Reading the Structure of the World

 

READING THE STRUCTURE OF THE WORLD

Bookbinding, Artificial Intelligence, and Life

by Henry Wessells

[This is the lightly edited text of a talk I gave at Oberlin College on Thursday 9 April 2026 at the invitation of librarian Valerie Hotchkiss.]

It is a great pleasure to be here at Oberlin at the invitation of Valerie Hotchkiss who is a really good librarian and who knows what books are for. I am a reader, a polyglot, a science fiction writer, an antiquarian bookseller, a micropublisher, and a competent hand bookbinder who has over the last 25 years produced somewhere around 400 case bindings in edition sizes ranging from 1 to 17 to 52, and six or seven hundred or so stitched pamphlets, too. I am a USER of books. I will be talking to you in each of these capacities and you will see that there is considerable interplay between the categories.

A bit about my background first. When I was seven years old I understood I could read the entire school library and tried to do so. I also discovered (on my father’s bookshelves) the Bantam paperback reprints of the Doc Savage science fiction novels from the pulp magazines of the 1930s and 1940s. He bought them out of nostalgia, I think, because his own pulp magazine collection was lost when the barn blew over in a storm in Vermont in 1948. So, science fiction from an early age, and in another spark of good fortune, I was taught French from an early age and then transplanted to France for three years as a teenager, and so I added Jules Verne (science fiction again) and Baudelaire.

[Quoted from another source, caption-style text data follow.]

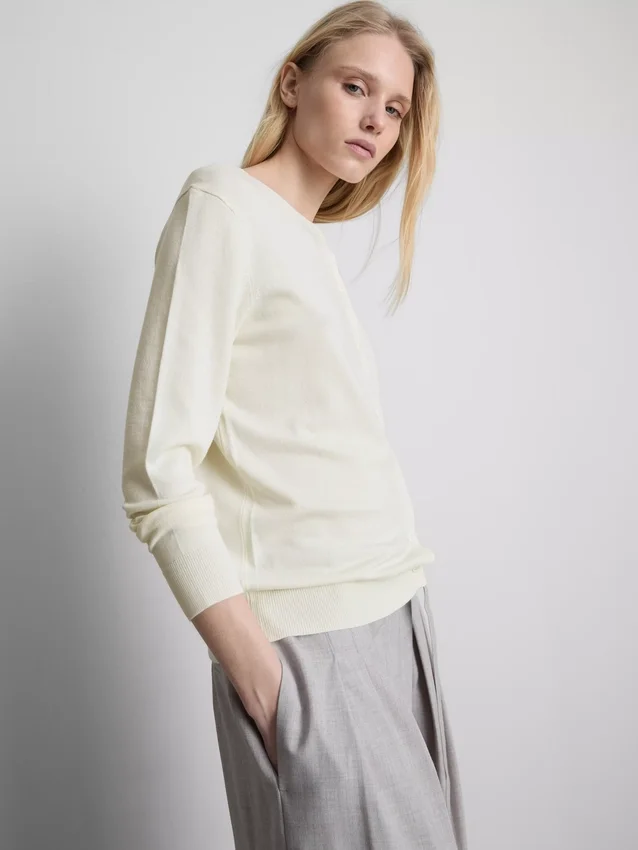 Unverzichtbare Strickjacke mit Rundhalsausschnitt Unverzichtbare Strickjacke mit Rundhalsausschnitt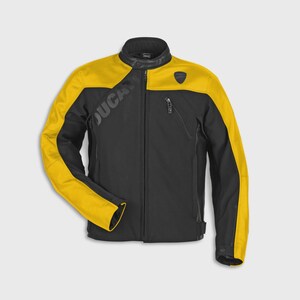 Könnte beinhalten: Schwarze und gelbe Motorradjacke mit dem Wort "DUCATI" auf der Brust. Die Jacke hat einen Stehkragen, einen Reißverschluss und ein kleines Logo. Die Ärmel und Schultern sind gelb.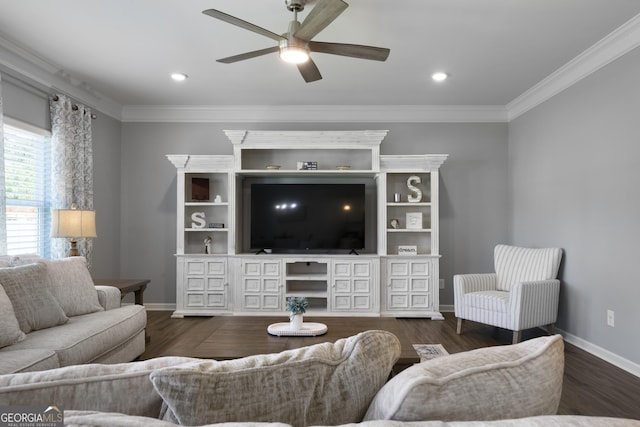 22 Mossy Oaks Ln NE, Rome, GA 30165 - living room with ceiling fan, crown molding, wood finished floors, and recessed lighting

While I enjoyed mathematics and had aptitude for the subject, the transatlantic exchange meant that I ended up studying languages instead of calculus: first German, a smattering of Russian, and then Arabic. I remained a reader of science fiction. I am NOT telling you my life story in any detail.

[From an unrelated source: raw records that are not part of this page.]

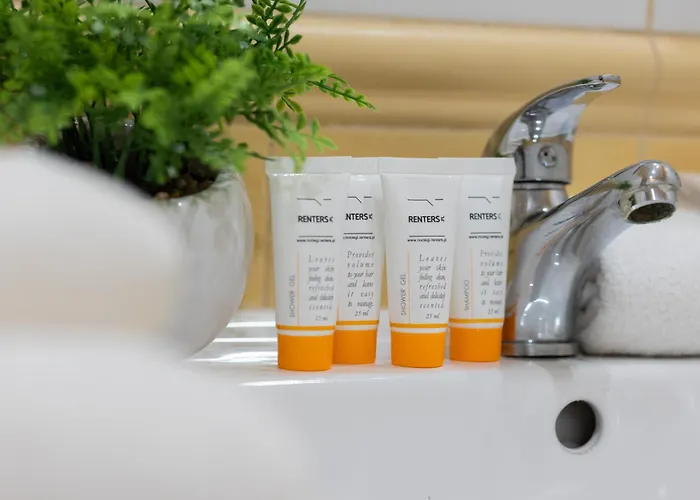 Sunny Lwowska Street Metro By Renters * Warszawa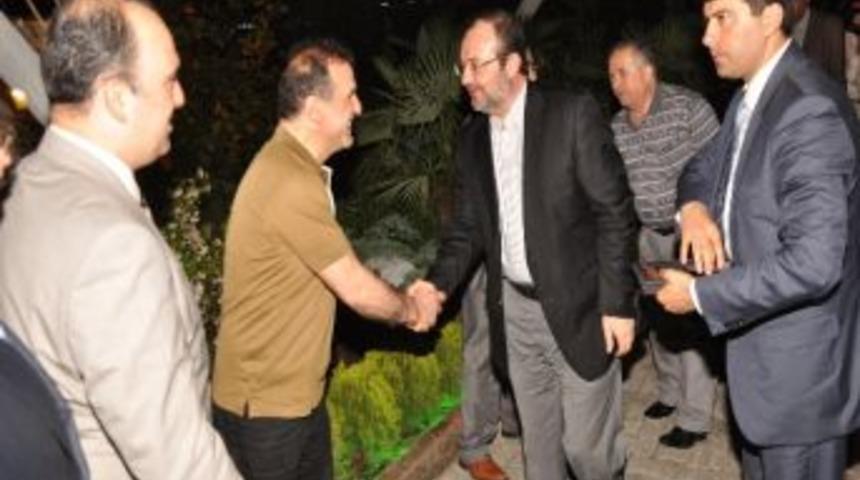 Diyanet İşleri Başkanı Prof. Dr. Mehmet G&ouml;rmez Sapanca G&ouml;l&uuml; Kenarında D&uuml;zenlenen Programa Katıldı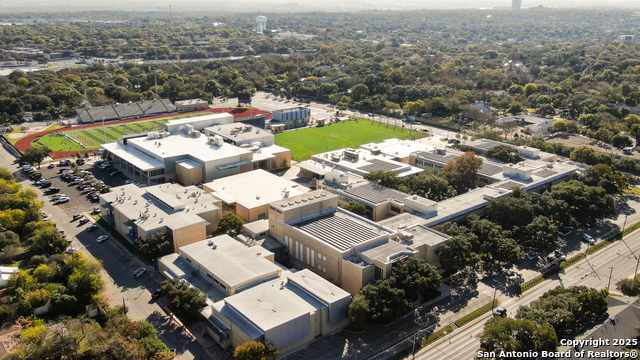 Image 10 of 13 For 2300 Nacogdoches Rd 203a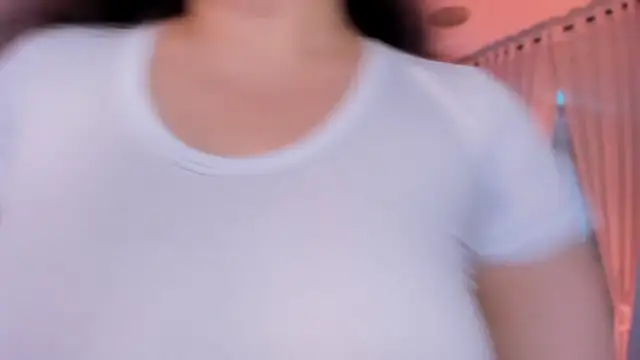 Nicolle W online show from March 31, 11:45 am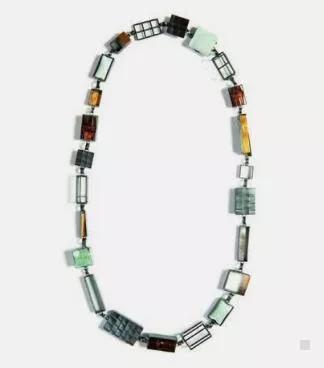 当代艺术首饰与传统文化,首饰艺术的自由表达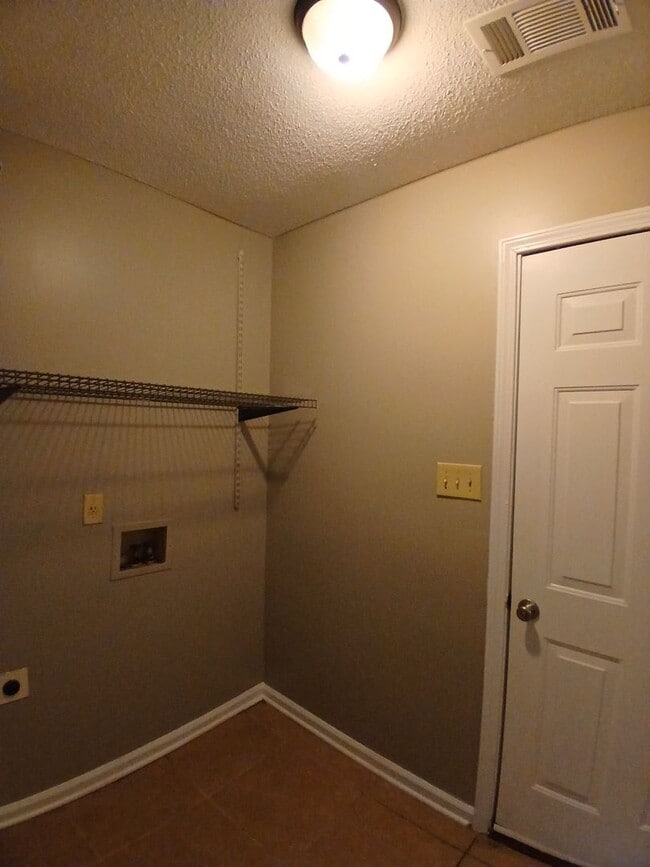 Building Photo - Modern Comfort in a Prime Location - Open To Section 8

Instead, I will talk about some of my heroes in the world of books, three individuals from whom I learned different things in different ways.

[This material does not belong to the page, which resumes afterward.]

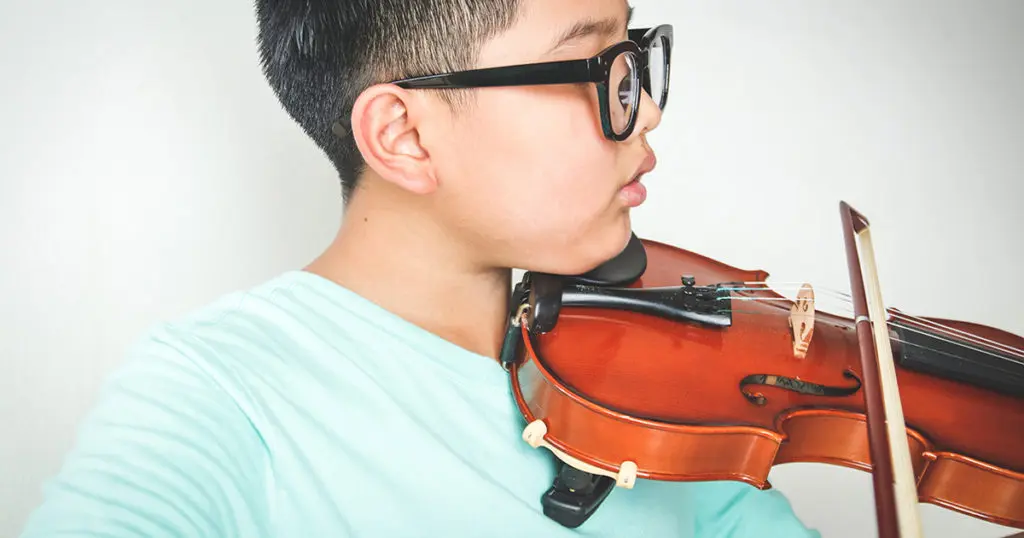 ¿Cuál es el significado del silencio en el pentagrama del violín? - What does the quarter rest symbol mean what is the meaning of rest on violin staff - What does the quarter rest symbol mean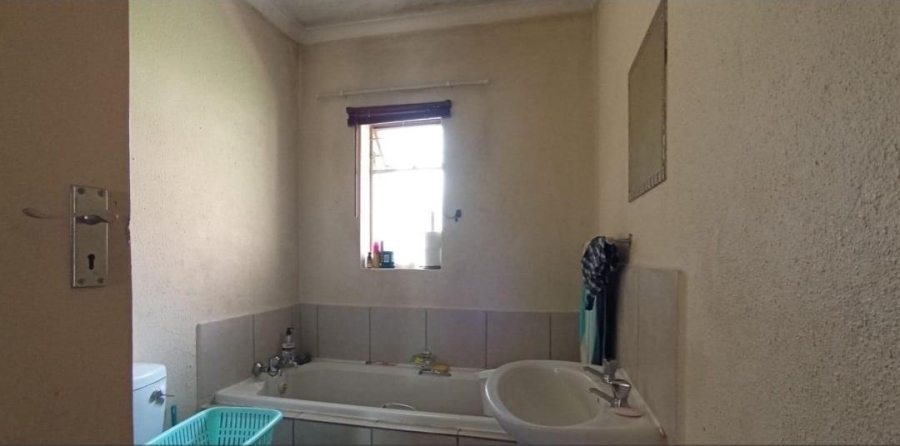 2 Bedroom Property for Sale in Olievenhoutbosch Gauteng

Let’s jump ahead to 1990 or 1991. Some months after our daughter was born, my wife took an introductory bookbinding class at the local historical society. At the last class, I came along and met the instructor. We got talking, and that is how I met Herbert Nieder, who was a master tanner by training, a mostly self-taught bookbinder, and a man generous with his tools and knowledge.

Over the next dozen years, while working as an editor on a reference book and then at a weekly trade magazine, and beyond, I studied with him when I could, sometimes at irregular intervals. I learned to sew and case in books, some rudiments of repair and conservation binding, and we explored interesting papers and cloth for binding. I was not his best student and I was in one sense a profound disappointment to him : I had no interest in working with leather. Bookbinding teaches an awareness of process and the importance of examining the underlying structure of things : how the artefact is put together, how much collaborative or community effort is required to produce a book. This knowledge is portable : it can be applied to other fields.

And then at one brief moment in early 2000 when I was in marginal freelance employment, a science fiction editor friend, David G. Hartwell, asked me if I would do a hardcover edition binding for a book he was publishing, Puck Aleshire’s Abecedary by Michael Swanwick. I asked Herbert if he thought I had mapped out the steps correctly, and if I might use his stamping tools for the front boards. The total edition was about 48 copies, sewn and cased in and bound at the kitchen table and using a small iron nipping press that had been my grandmother’s. A set of encyclopaedias works just fine to keep books under weight while the glue dries overnight. I soon undertook to produce another edition binding for El Vilvoy de la Islas by Avram Davidson, which I published, and have gone on from there. I am a lifelong reader, but it was Herbert Nieder who really showed me how to look at books. I count the late Herbert Nieder as one of my heroes in the book world.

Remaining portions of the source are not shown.